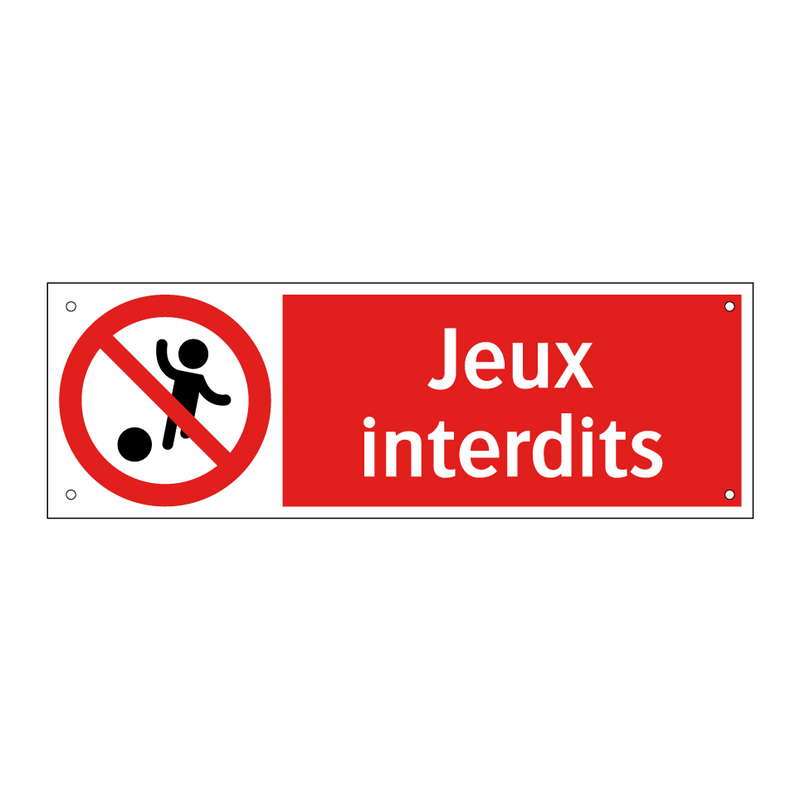 Jeux interdits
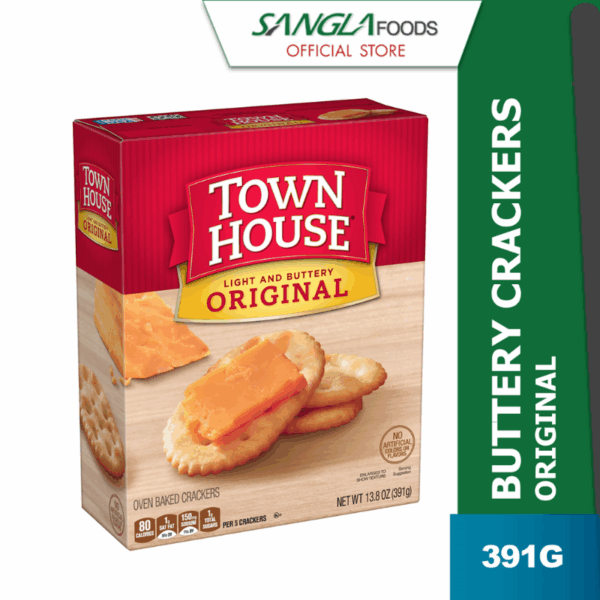 Kellogg’s Town House® Original Crackers - Image 7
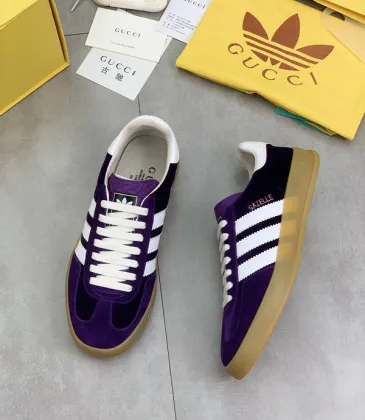 Gucci X Adidas Shoes for Gucci Unisex Shoes #A50403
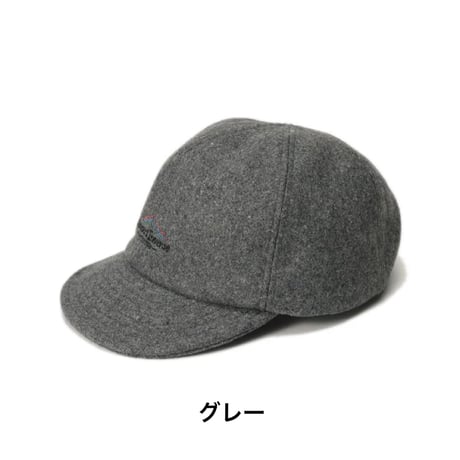 メルトンキャップ | STORES
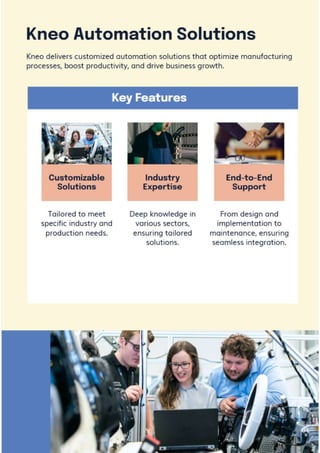 How Data & Automation Optimize Processes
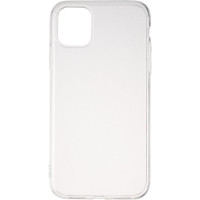 Чехол-силикон Ultra Thin Air Case iPhone 11 (Класс А)
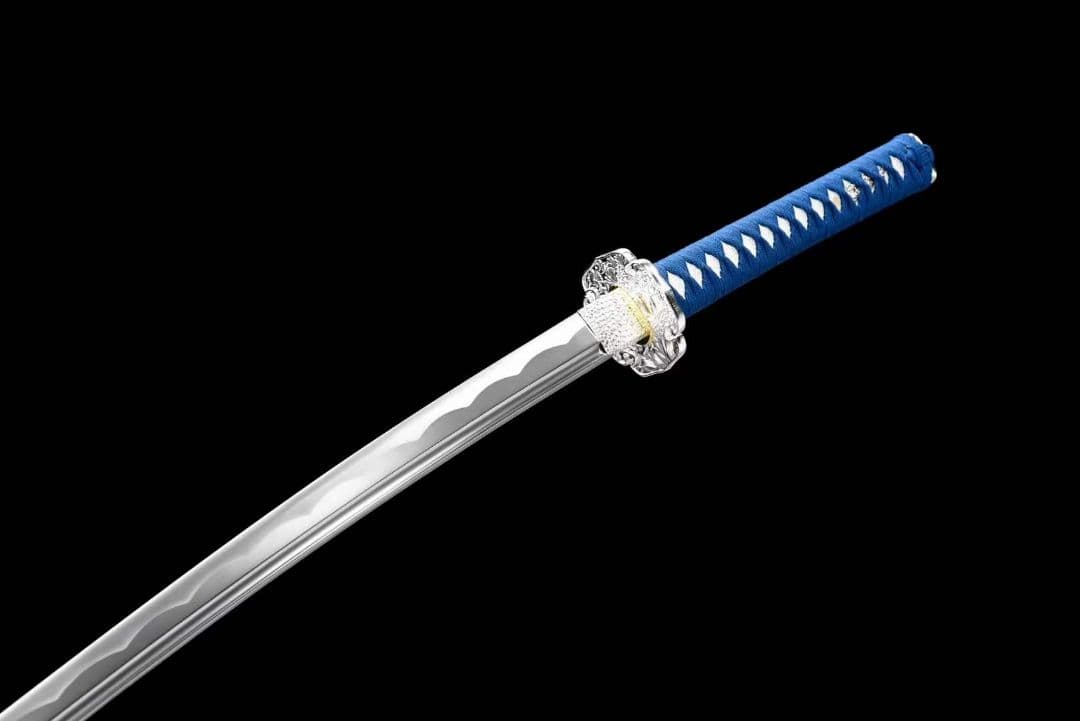 【スズラン】古兵器 武具　刀装具　日本刀　模造刀 居合刀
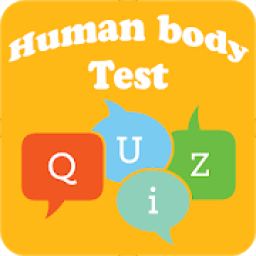 Human body test आइकन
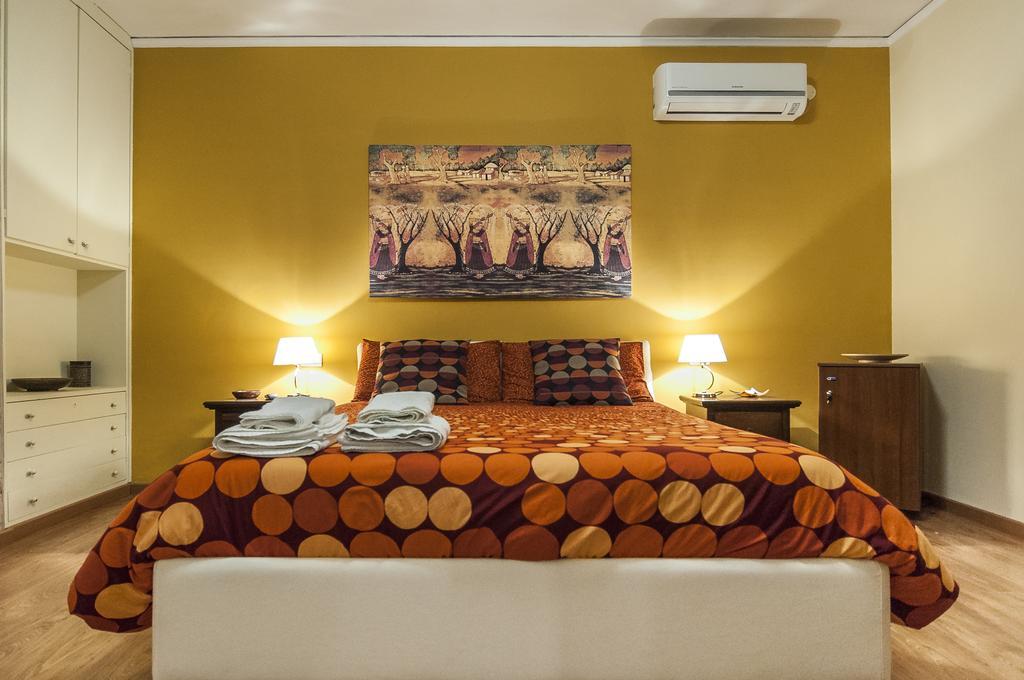 Villa Olga B&B Formia Zewnętrze zdjęcie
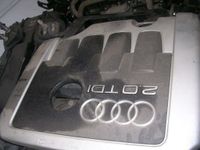 Audi A 3 2.0 TDI -  Motor Abdeckung   - Hessen kassel Hessen - Kassel Vorschau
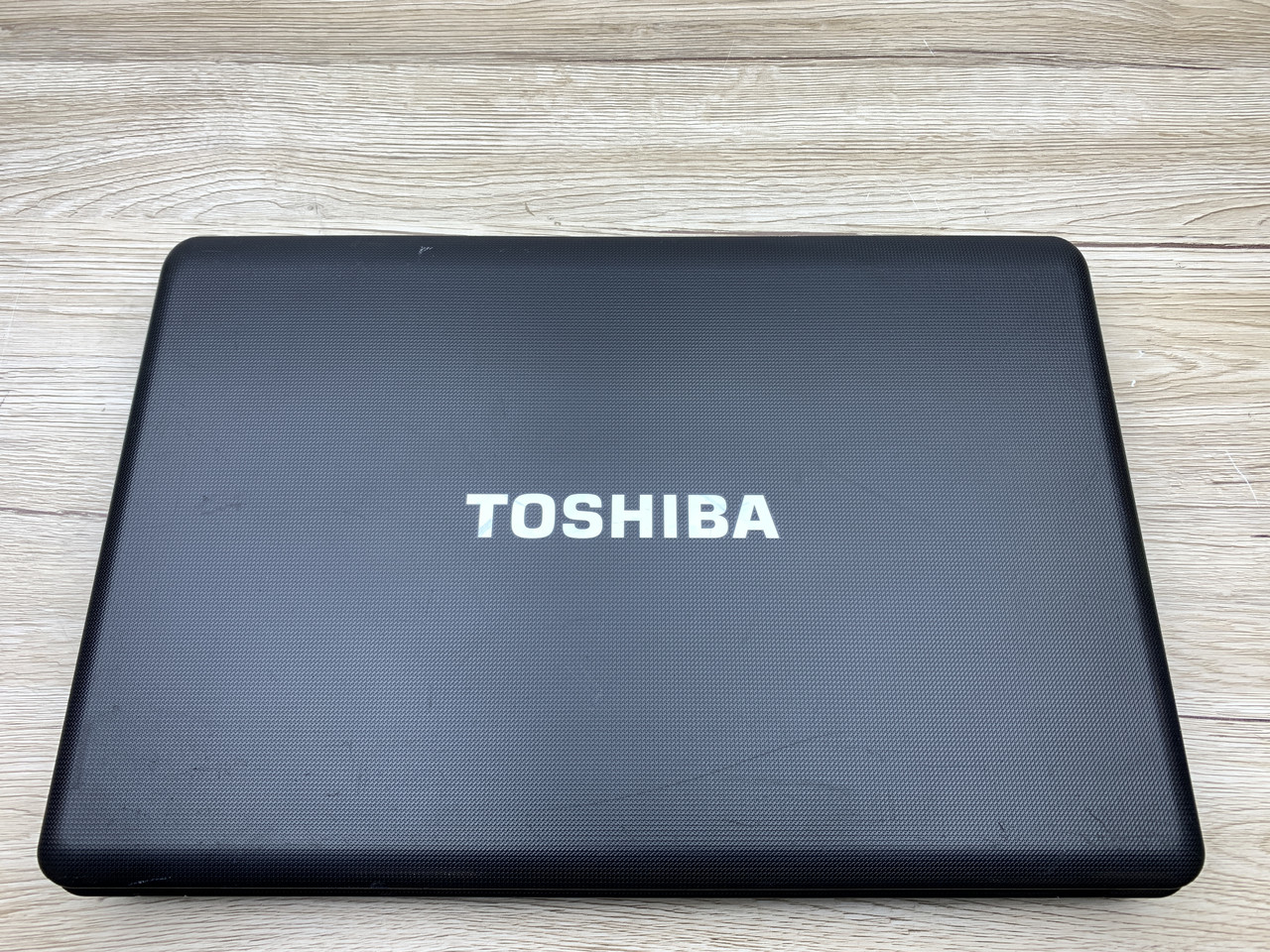 Б/в Ноутбук Ноутбук Toshiba C660 Intel Core i5-2450M / 8 Гб / SSD 120 Гб / Клас В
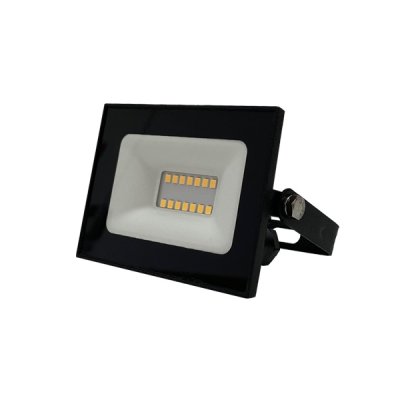 Прожектор Foton FL-LED Light-PAD NEW 20W Black 2700K (AC195-240V,20W,1700Lm) (1/30) оптом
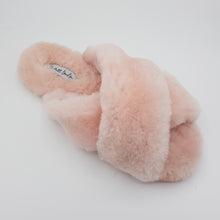 Load image into Gallery viewer, ESMEE SHEEPSKIN SLIPPER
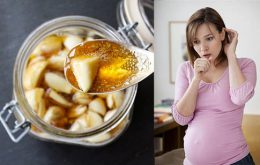 Tiết lộ cách dùng tỏi mật ong trị ho cho bà bầu an toàn hiệu quả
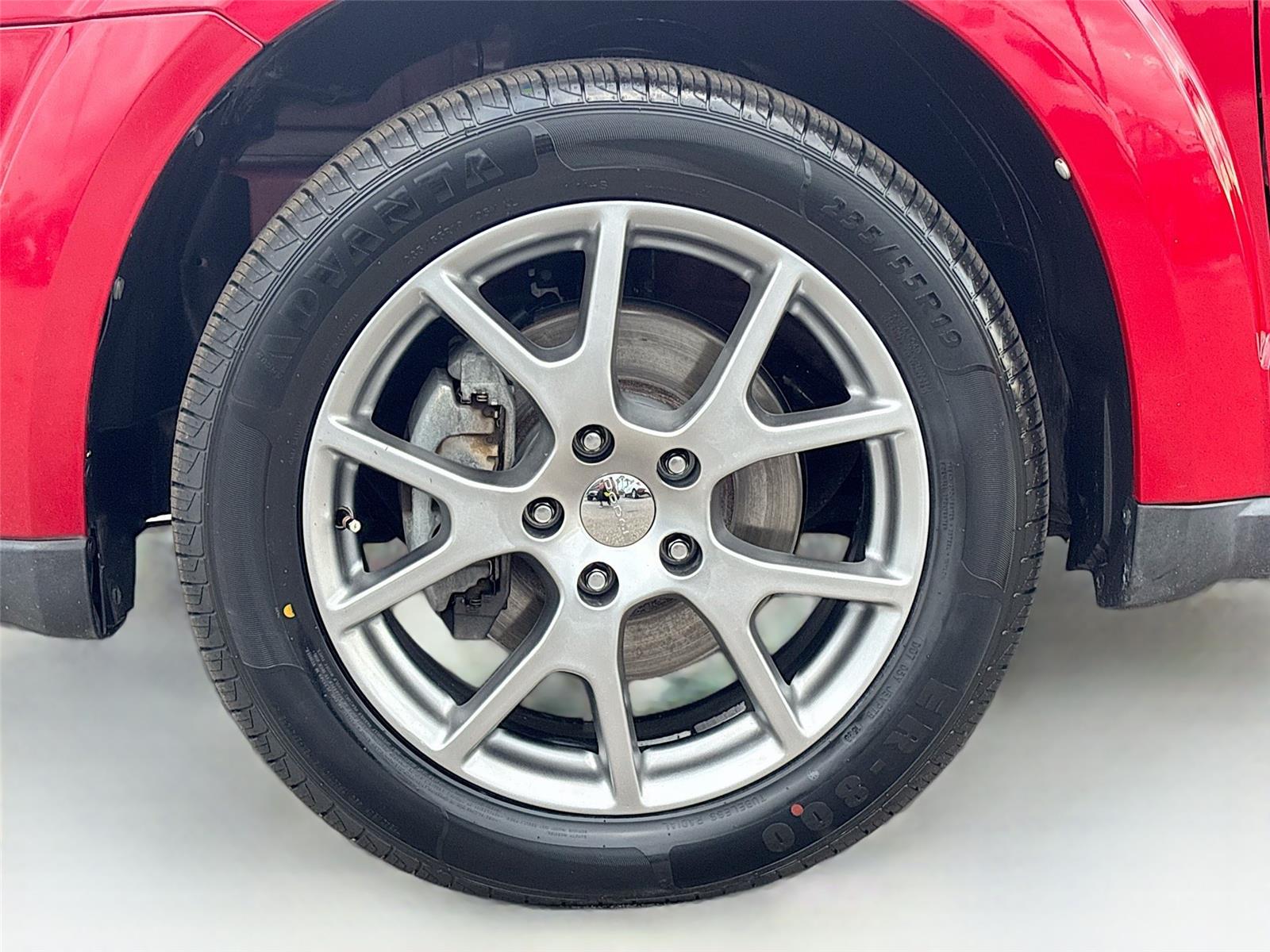 2018 Dodge Journey GT photo 28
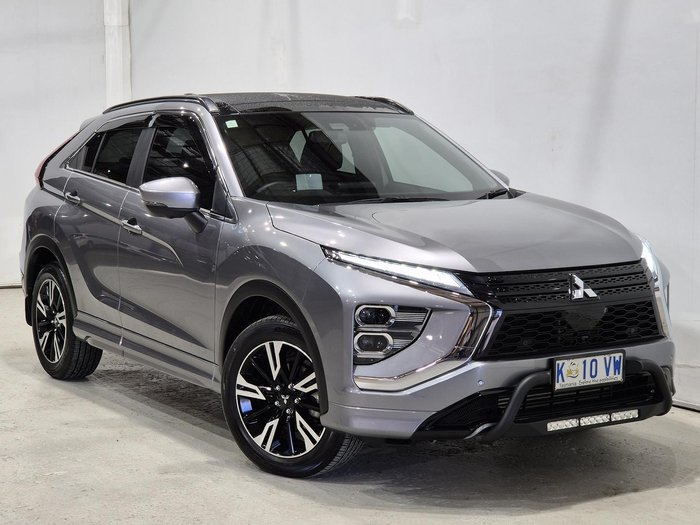 2023 Mitsubishi Eclipse Cross Exceed YB MY22 Titanium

-*-

- Exercise description
Start at the line containing "Gucci X Adidas" above and stop at the line containing "Load image into". Output those lines exactly, both included, but none of the pictures.

- Task answer
 Gucci X Adidas Shoes for Gucci Unisex Shoes #A50403
 メルトンキャップ | STORES
 How Data & Automation Optimize Processes
 Чехол-силикон Ultra Thin Air Case iPhone 11 (Класс А)
 【スズラン】古兵器 武具　刀装具　日本刀　模造刀 居合刀
 Human body test आइकन
 Villa Olga B&B Formia Zewnętrze zdjęcie
 Audi A 3 2.0 TDI -  Motor Abdeckung   - Hessen kassel Hessen - Kassel Vorschau
 Б/в Ноутбук Ноутбук Toshiba C660 Intel Core i5-2450M / 8 Гб / SSD 120 Гб / Клас В
 Прожектор Foton FL-LED Light-PAD NEW 20W Black 2700K (AC195-240V,20W,1700Lm) (1/30) оптом
 Load image into Gallery viewer, ESMEE SHEEPSKIN SLIPPER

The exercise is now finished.